Do you have a sweet tooth? I live with a couple of cute folks that really do! I like an occasional sweet myself. I bet in all honesty everyone does. These cute little Mini Strawberry Jelly Doughnut Holes are easy to make utilizing canned biscuit dough that you can pick up from your local grocery. You will find it in the refrigerator section under common names such as Pillsbury or usually the store has its own brand and those are usually pretty good as well.
Now you can pipe in whatever kind of jelly you would like but I think strawberry and raspberry taste best with these. I like to ice half of the batch and roll the other half in sugar. These semi-homemade Mini Strawberry Jelly Doughnut Holes are best consumed right after being cooked but they will stay up to a couple of days stored in an airtight container. After two days you will need to store in the refrigerator.

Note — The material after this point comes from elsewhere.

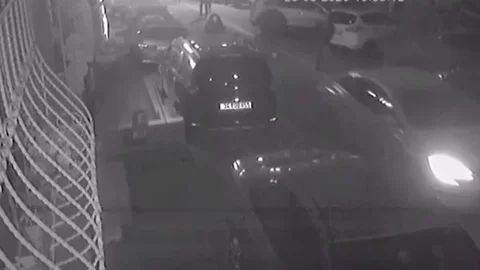 Esenyurt'ta Silahlı Çatışma Anları Kamerada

See how easy it is to split these biscuits in to quarters and then roll. Now they are ready for the fryer. Drop in the heated oil and in now time flat they are done. Roll half of them in sugar while warm. Now you are ready to pipe in the jelly. With the ease of a pastry bag, Smuckers simply fruit (or any simply fruit brand), and a long tip with a circular end (I used Wilton tip #230) it is a piece of cake or in this case a filled doughnut hole.
Simply insert the tip about a 1/2 inch into the doughnut hole and gently squeeze the pastry bag. When the jelly starts coming out the entry hole move on to the next doughnut hole that needs to be filled. Now simply mix up a small batch of icing for the other half of Mini Strawberry Jelly Doughnut Holes and you are ready to munch these babies down.
I sure hope your sweet family loves these as much as mine does.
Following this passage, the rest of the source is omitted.